The pattern will make planning difficult not only in terms of students, but also with regard to the need for school buildings and the demand for teachers, according to the report. (See Databank on page 16.)
The report, Characteristics of Children and Youth: 1980, is a compilation of federal statistics, from the Census Bureau and other sources, designed to provide “a readily accessible and comprehensive set of data on children and youth.”
For school officials, the next two decades are expected to bring the following changes in the number of students entering the schools:
The population of preschool children--under 5 years old--is projected to increase from 16 million in 1980 to more than 19 million by 1990, then decrease to about 18 million by 2000.

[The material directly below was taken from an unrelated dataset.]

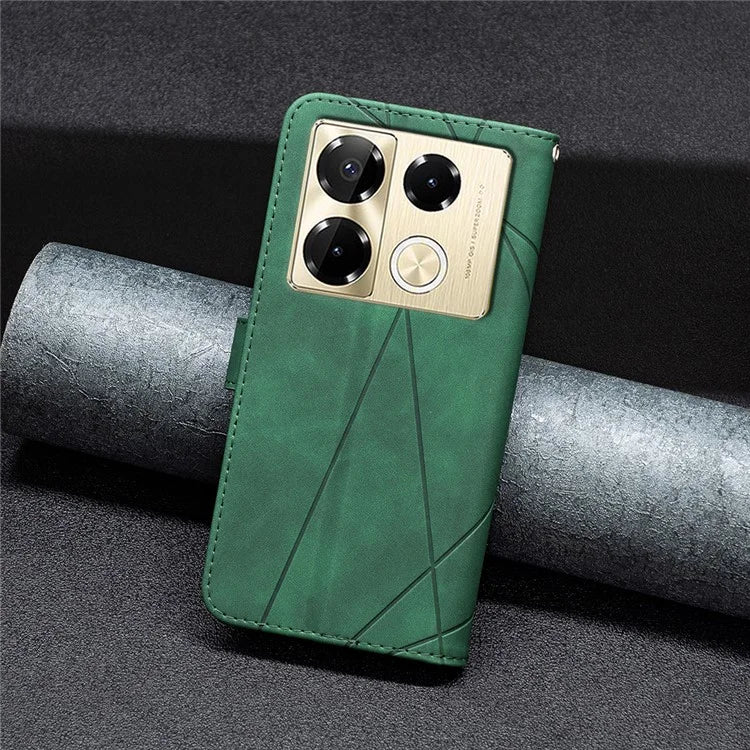 BINFEN COLOR BF05 For Infinix Note 40 Pro 4G / 5G / Note 40 Pro+ Geometric Leather Wallet Cover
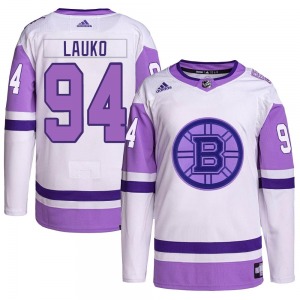 Authentic Adidas Youth Jakub Lauko White/Purple Hockey Fights Cancer Primegreen Jersey - NHL Boston Bruins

The population of kindergarten- and elementary-school-age children--5 to 13 years old--is projected to rise steadily from 30 million in 1980 to 35 million by 2000.
The high-school-age population--14 to 17 years old--will decrease from 16 million in 1980 to 13 million by 1990, but is expected to rise again to 16 million by 2000.
The peaks and valleys in student population predicted by these statistics follow periods of declining numbers, which, for many school districts, have resulted in empty buildings and teacher layoffs.
Between 1970 and 1980, for example, the number of elementary-school-age children--6 through 13 years old--dropped from 32.9 million to 26.8 million. During the same period, the high-school-age population increased slightly until 1975, then dropped by 1.3 million, to an enrollment of 14.4 million.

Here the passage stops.